In the entries below, find the line with "Vichy Neovadiol Post Menopauze Dagcrème 50ml", then set it down exactly along with each line after it to the end, skipping any pictures.
________
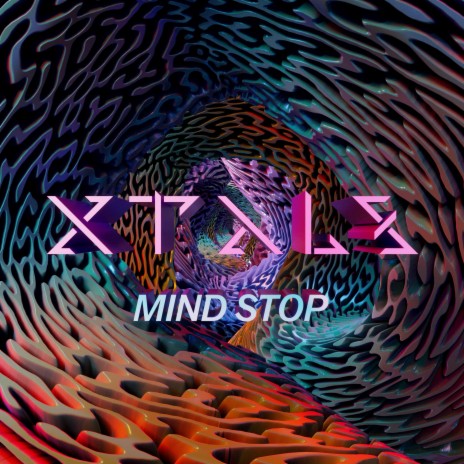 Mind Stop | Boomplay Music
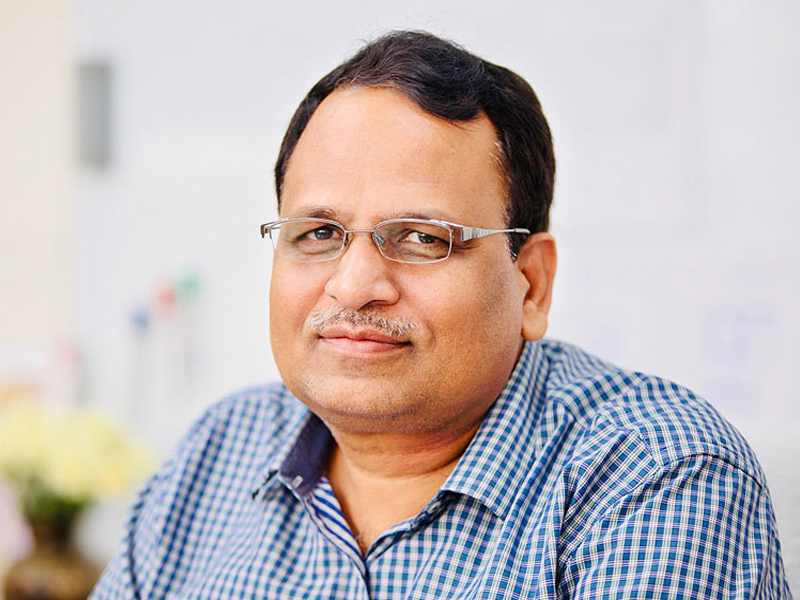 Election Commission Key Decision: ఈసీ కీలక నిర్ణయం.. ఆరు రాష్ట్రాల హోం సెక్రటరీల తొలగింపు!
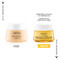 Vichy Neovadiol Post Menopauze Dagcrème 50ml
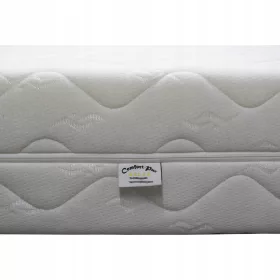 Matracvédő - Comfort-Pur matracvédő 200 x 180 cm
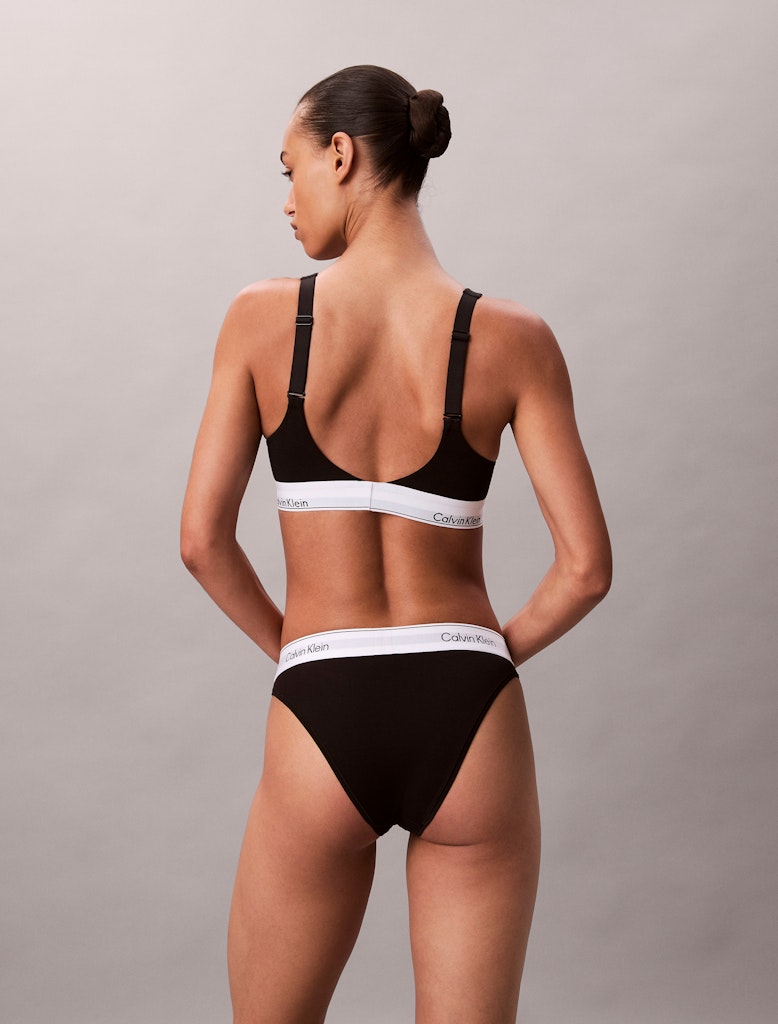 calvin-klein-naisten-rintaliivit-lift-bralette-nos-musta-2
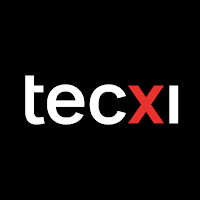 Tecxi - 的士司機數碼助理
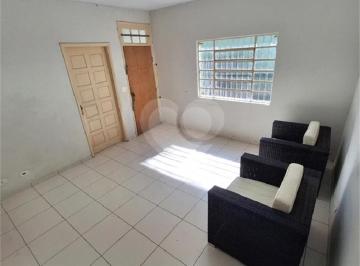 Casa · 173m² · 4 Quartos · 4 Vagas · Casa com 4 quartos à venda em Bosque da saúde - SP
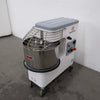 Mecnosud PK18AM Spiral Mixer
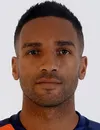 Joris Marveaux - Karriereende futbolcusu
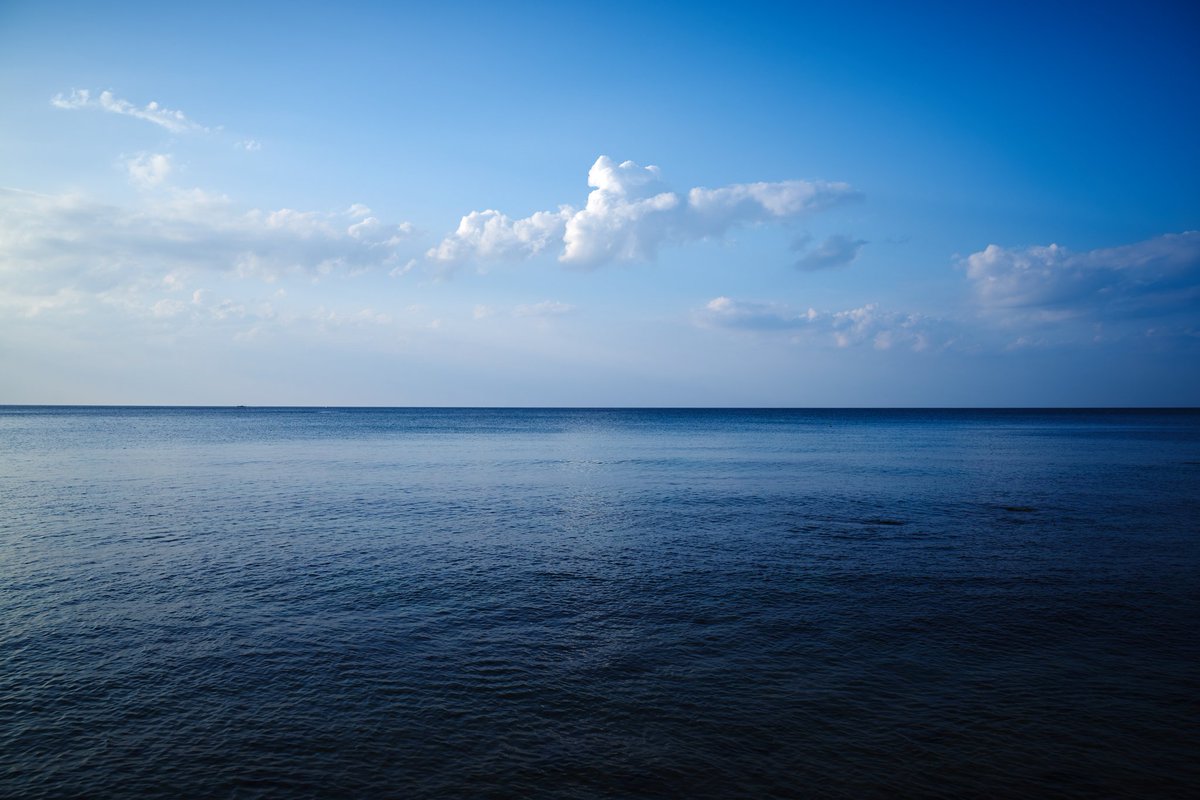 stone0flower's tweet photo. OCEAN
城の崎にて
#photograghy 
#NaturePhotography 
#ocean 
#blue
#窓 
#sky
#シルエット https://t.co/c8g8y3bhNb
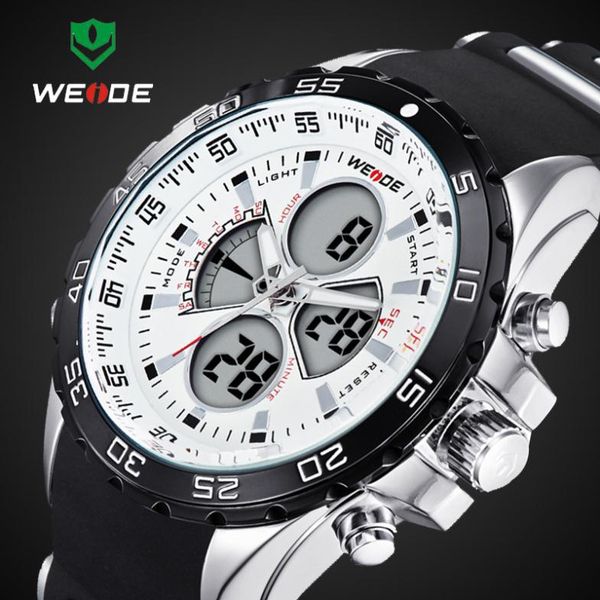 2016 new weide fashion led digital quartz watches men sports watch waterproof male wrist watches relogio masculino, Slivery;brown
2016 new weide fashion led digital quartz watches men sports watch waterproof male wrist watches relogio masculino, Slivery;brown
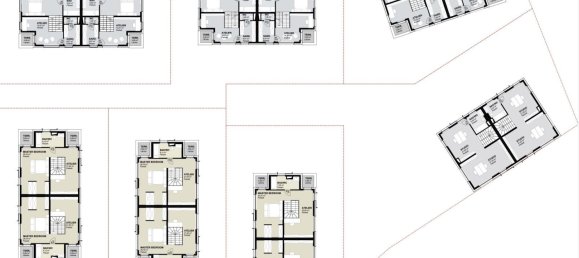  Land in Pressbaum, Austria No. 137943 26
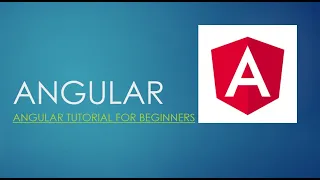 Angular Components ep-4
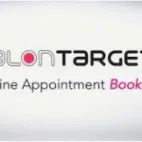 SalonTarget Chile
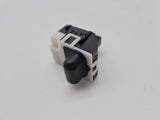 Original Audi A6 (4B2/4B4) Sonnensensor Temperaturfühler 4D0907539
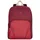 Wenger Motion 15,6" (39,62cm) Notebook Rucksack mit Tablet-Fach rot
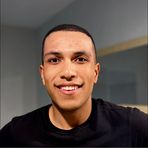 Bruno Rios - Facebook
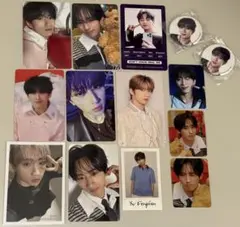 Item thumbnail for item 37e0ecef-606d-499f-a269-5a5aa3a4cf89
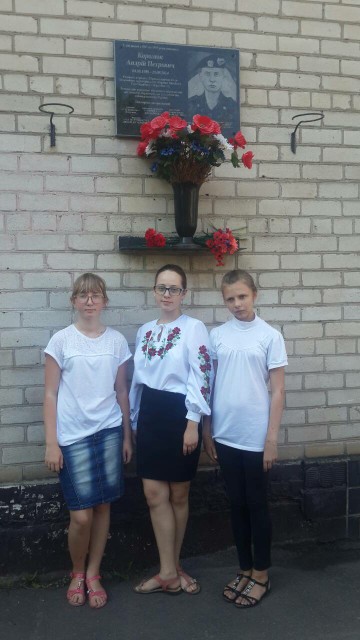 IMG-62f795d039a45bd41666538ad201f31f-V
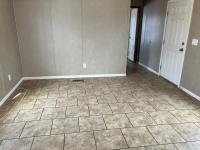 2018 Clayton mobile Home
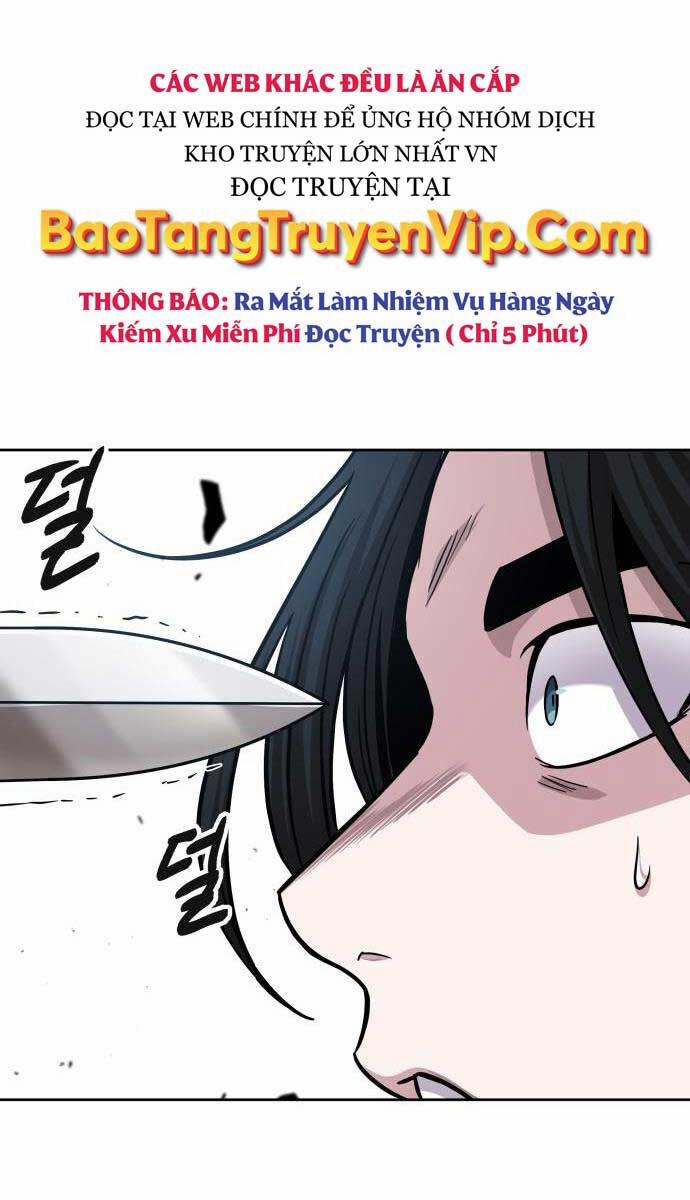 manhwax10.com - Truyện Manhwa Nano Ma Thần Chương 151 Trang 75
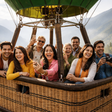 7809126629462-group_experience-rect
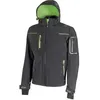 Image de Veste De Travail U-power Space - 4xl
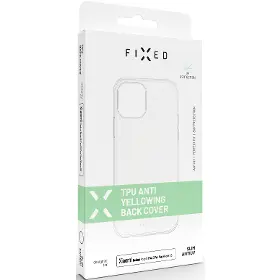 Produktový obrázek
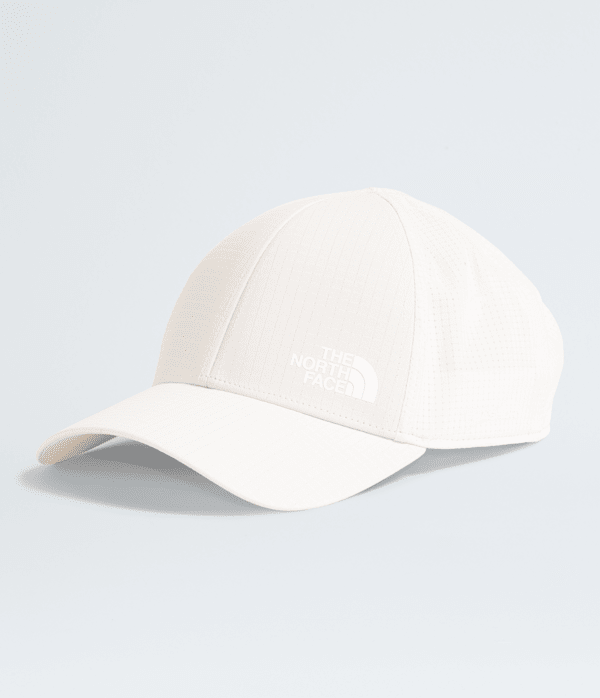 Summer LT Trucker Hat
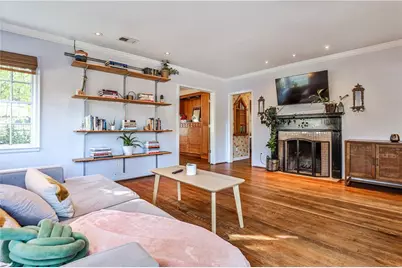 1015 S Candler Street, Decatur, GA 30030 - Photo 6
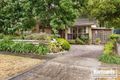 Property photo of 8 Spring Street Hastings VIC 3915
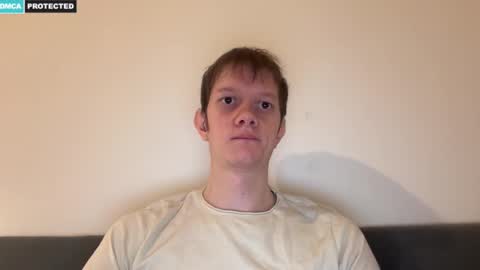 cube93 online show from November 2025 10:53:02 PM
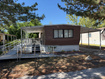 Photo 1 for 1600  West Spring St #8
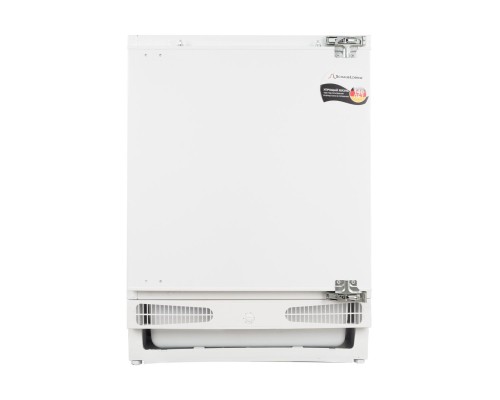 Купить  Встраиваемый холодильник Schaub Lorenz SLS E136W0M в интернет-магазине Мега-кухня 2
________
ANSWER TO THE PROBLEM:
 Vichy Neovadiol Post Menopauze Dagcrème 50ml
 Matracvédő - Comfort-Pur matracvédő 200 x 180 cm
 calvin-klein-naisten-rintaliivit-lift-bralette-nos-musta-2
 Tecxi - 的士司機數碼助理
 Casa · 173m² · 4 Quartos · 4 Vagas · Casa com 4 quartos à venda em Bosque da saúde - SP
 Mecnosud PK18AM Spiral Mixer
 Joris Marveaux - Karriereende futbolcusu
 stone0flower's tweet photo. OCEAN
城の崎にて
#photograghy 
#NaturePhotography 
#ocean 
#blue
#窓 
#sky
#シルエット https://t.co/c8g8y3bhNb
 2016 new weide fashion led digital quartz watches men sports watch waterproof male wrist watches relogio masculino, Slivery;brown
2016 new weide fashion led digital quartz watches men sports watch waterproof male wrist watches relogio masculino, Slivery;brown
  Land in Pressbaum, Austria No. 137943 26
 Angular Components ep-4
 SalonTarget Chile
 Original Audi A6 (4B2/4B4) Sonnensensor Temperaturfühler 4D0907539
 Wenger Motion 15,6" (39,62cm) Notebook Rucksack mit Tablet-Fach rot
 Bruno Rios - Facebook
 Item thumbnail for item 37e0ecef-606d-499f-a269-5a5aa3a4cf89
 IMG-62f795d039a45bd41666538ad201f31f-V
 2018 Clayton mobile Home
 manhwax10.com - Truyện Manhwa Nano Ma Thần Chương 151 Trang 75
 7809126629462-group_experience-rect
 Image de Veste De Travail U-power Space - 4xl
 Produktový obrázek
 Summer LT Trucker Hat
 1015 S Candler Street, Decatur, GA 30030 - Photo 6
 Property photo of 8 Spring Street Hastings VIC 3915
 cube93 online show from November 2025 10:53:02 PM
 Photo 1 for 1600  West Spring St #8
 Купить  Встраиваемый холодильник Schaub Lorenz SLS E136W0M в интернет-магазине Мега-кухня 2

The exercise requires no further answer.